• WORK REQUIRED: Your copy of the data below must be exact and must leave out all pictures.

-- Opening Marker --

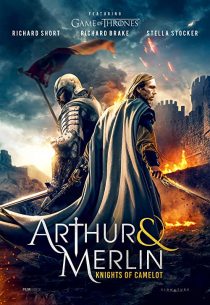 دانلود فیلم Arthur & Merlin: Knights of Camelot 202051625-1432789681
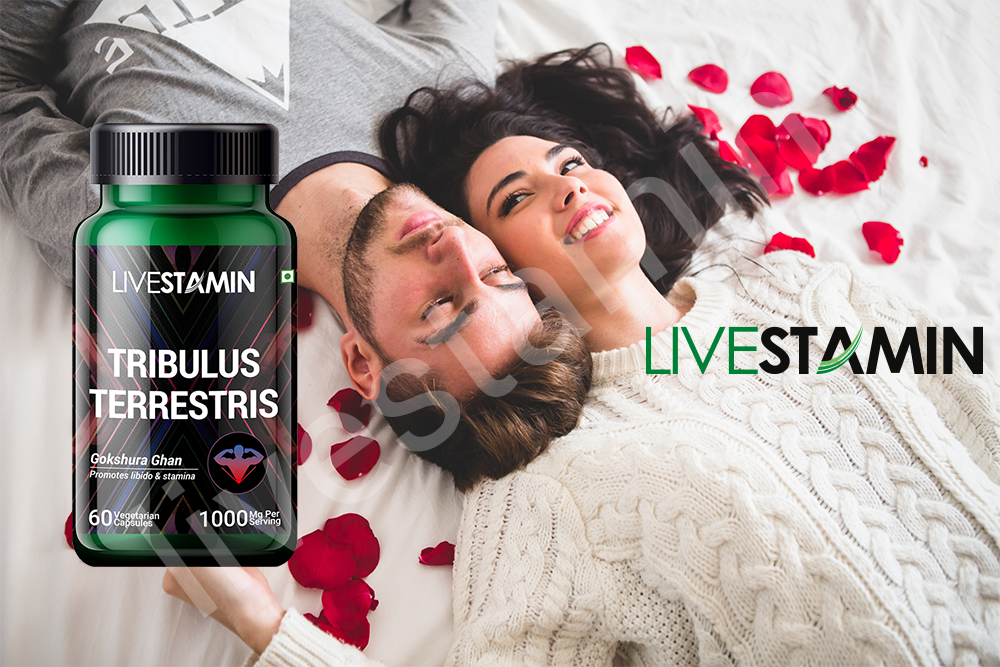 Tribulus terrestris 60 Veg Capsules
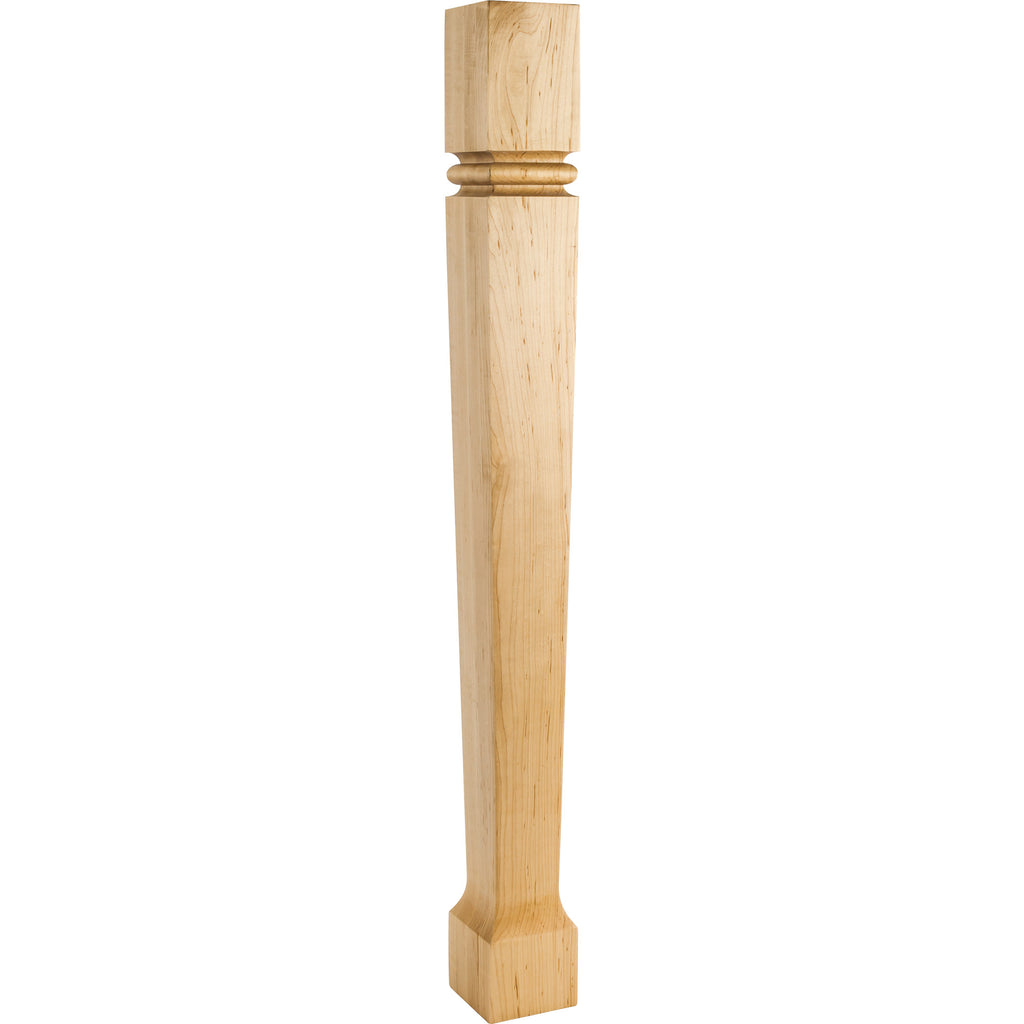 Hardware Resources Bullnose Tapered Post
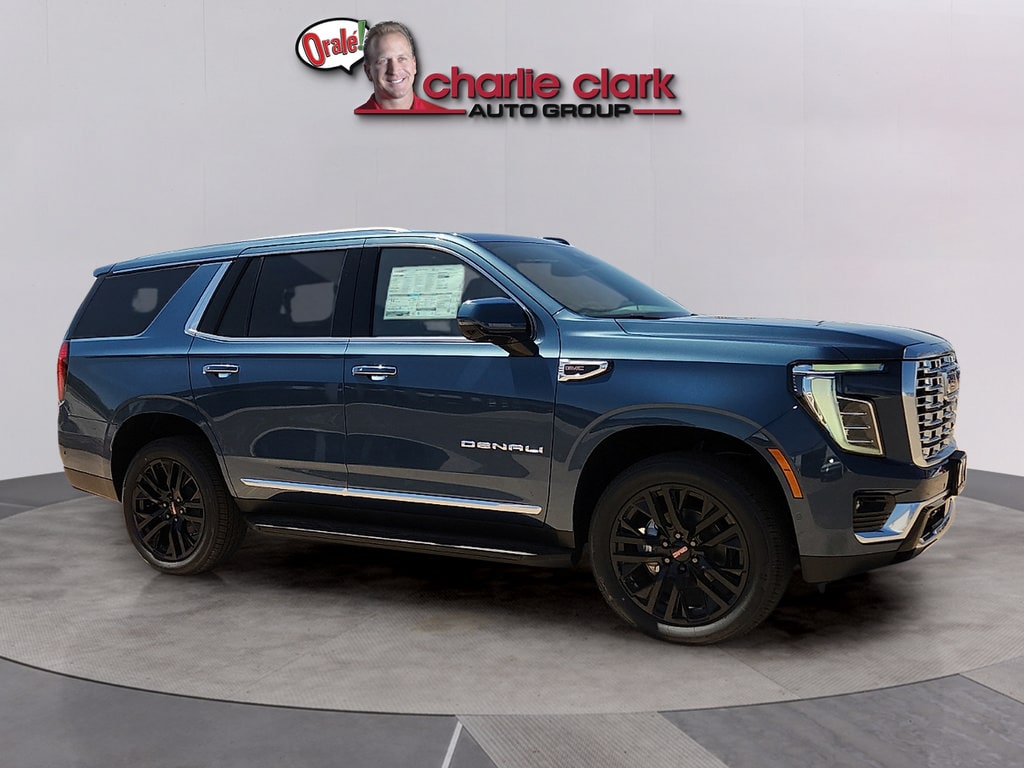 2026 GMC Yukon Denali - Photo 6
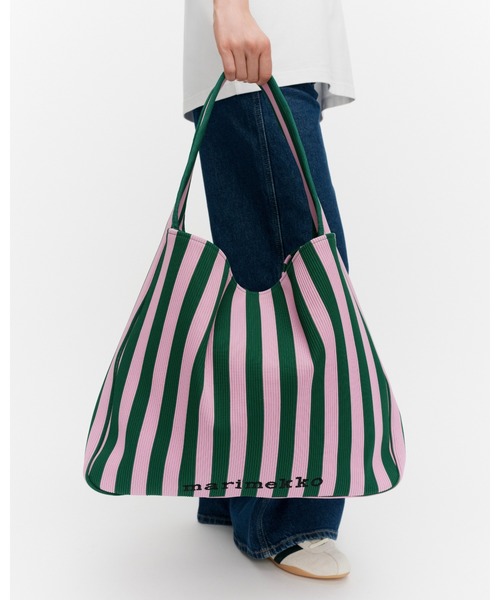 セール】Merirosvo / Knitted Shoulderbag Large（ショルダーバッグ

-- Closing Marker --

• ANSWER AREA:
 دانلود فیلم Arthur & Merlin: Knights of Camelot 202051625-1432789681
 Tribulus terrestris 60 Veg Capsules
 Hardware Resources Bullnose Tapered Post
 2026 GMC Yukon Denali - Photo 6
 セール】Merirosvo / Knitted Shoulderbag Large（ショルダーバッグ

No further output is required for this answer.